ABD içindeki müesses nizamla Trump arasındaki savaşa rağmen, Amerikan sosyolojisi stratejilerini ve içerideki kavgayı da hesaba katarak, hep doğru hamle yaptı. Nihayetinde Türkiye Başkanı, Türkiye’nin kazanması için doğru yol ve doğru hamle yapmaktan mesuldür. “Türkiye tarihinin bu kadar zor ve bu kadar zorluklara rağmen başarı kazanan dönemi olmamıştır” dersek hiç abartmış olmuyoruz.
Yeni düzen kurgusu kavgasında, sadece iki taraftan değil, çeşitli küçüklü büyüklü momentumları da dikkate alırsak, Türkiye bu kadar başarı dönemi yaşamamıştır. Evet, bu kadar badirelere ve saldırılara rağmen!
Trump müesses nizamla savaş halinde! O sebeptendir ki; ekibinde durmadan danışman veya önemli görevdeki adamlarını değiştirmekte. Neden mi? Müesses nizama direnenle, onun zorbalığına takat getiremeyenler arasında seçim yapmak zorundadır.
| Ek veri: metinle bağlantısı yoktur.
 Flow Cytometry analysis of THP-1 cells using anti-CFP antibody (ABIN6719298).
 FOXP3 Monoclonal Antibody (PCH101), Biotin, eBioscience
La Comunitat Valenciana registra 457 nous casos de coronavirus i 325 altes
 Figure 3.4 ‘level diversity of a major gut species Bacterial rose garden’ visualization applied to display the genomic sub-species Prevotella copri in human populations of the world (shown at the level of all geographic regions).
Başkan Erdoğan’ın Amerika ziyaretinin böyle bir “Amerikan gerçeği” çerçevesinde gerçekleşmesini de ayrıca yorumlamak lazım. Bu ziyaret dostun da, düşmanın da gündeminde oldu. Türkiye içindeki bazıları, bu başarıyı görmezden gelse de, gelinen noktayı doğru okumak zorundayız. Bu kadar derin yaraların, sisli ve çetin dönemde, bu kadar net başarı elde etmenin, şimdiye kadarki süreçlerde hiç bir örneği bulunmamaktadır!
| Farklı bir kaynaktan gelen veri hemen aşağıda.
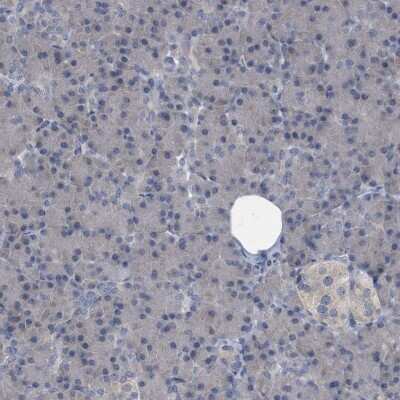 Immunohistochemistry-Paraffin: CDV3 Antibody [NBP1-81781] - Staining of human pancreas shows low expression as expected.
Kısacası haftalar önce Rusların “Erdoğan nasıl başarıyor” sorusuna yanıt vermek düz mantıkla mümkün değildir. Ruslar, “Erdoğan’ın söylediklerinin bir kısmını Rusya söylemiş olsaydı savaş çıkardı” diyor. Elbette Amerikan Başkanının itirafları, Moskova’dan da tıpkı Türkiye içindeki kıskanç sesler gibi seslerin çıkmasına sebep olmadı değil!
Almanya, Fransa ve İsrail’in nasıl bir çığlıkla manşetler attığını takip ettiğimizde ve yorumlara baktığımızda, Türkiye’nin ve özellikle şahsen Erdoğan’ın, nasıl derin oyunların bozulmasına sebep olduğunu görebiliyoruz.
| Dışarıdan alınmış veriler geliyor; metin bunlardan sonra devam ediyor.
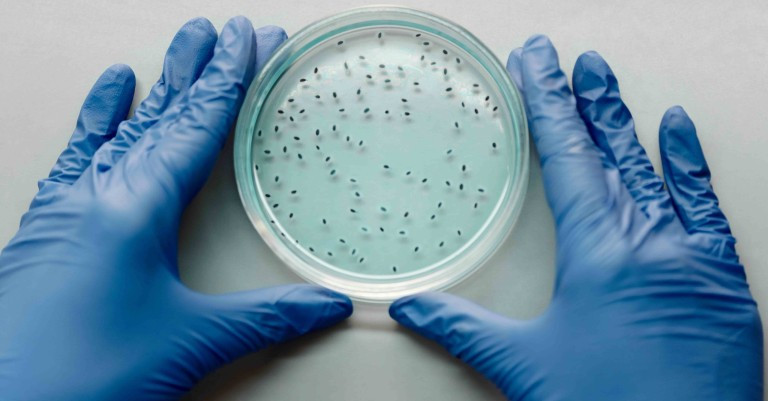 02 June 2026 
Professor Amanda Black contributes to national gene technology resources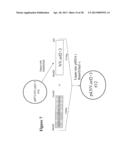 NOROVIRUS AND SAPOVIRUS ANTIGENS diagram and image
Türkiye’nin; Rusya ve ABD arasındaki denge oluşumu ve kurgulama kabiliyeti, derin uçurumların önüne geçmememizi sağladı. Özellikle bu ziyaretin gerçekleşmesi, her noktası başarı olmasa bile, Trump’ın jestleri ve senatörleri ile nizam kurma çabası, başlı başına elimizi güçlendiren durum olduğunu görmemiz şarttır.
Rusya ile ilişkiler, Suriye özelindeki tutumumuzun geleceği adına bu ziyaret önemli başarının göstergesi oldu.
Bunun keyfini ve memnunluğunu yaşamaktan da kendimizi mahrum etmeyelim. Bu kadar karanlık zaman diliminde, başarımızın sevincini yaşamaktan korkmayalım. Her şey düzeldi mi? Daha sorun yok mu? Kimse böyle bir şey iddia etmiyor! “Suriye’de her maddede anlaştık” diye bir durum söz konusu değil. Rusya açısından da aynı durum olduğunu unutmamak lazım. Lakin geldiğimiz noktanın, madde başlıklı başardığımız durumların da kıymetini bilelim. Erdoğan’ın bu başarısını “siyasi mağlubiyet” olarak okuyan siyasilerin de kendisine çekidüzen vermesi şarttır. Erdoğan sadece kendisi adına başarmıyor. Erdoğan ciddi devlet aklı üreten ekibi ile birlikte başarıyor. Ve Erdoğan başardıkça veya Erdoğan’a bu nasip oldukça, Türkiye gündeme “zafer kazanmış” olarak oturuyor. Acaba burası anlaşılmıyor mu?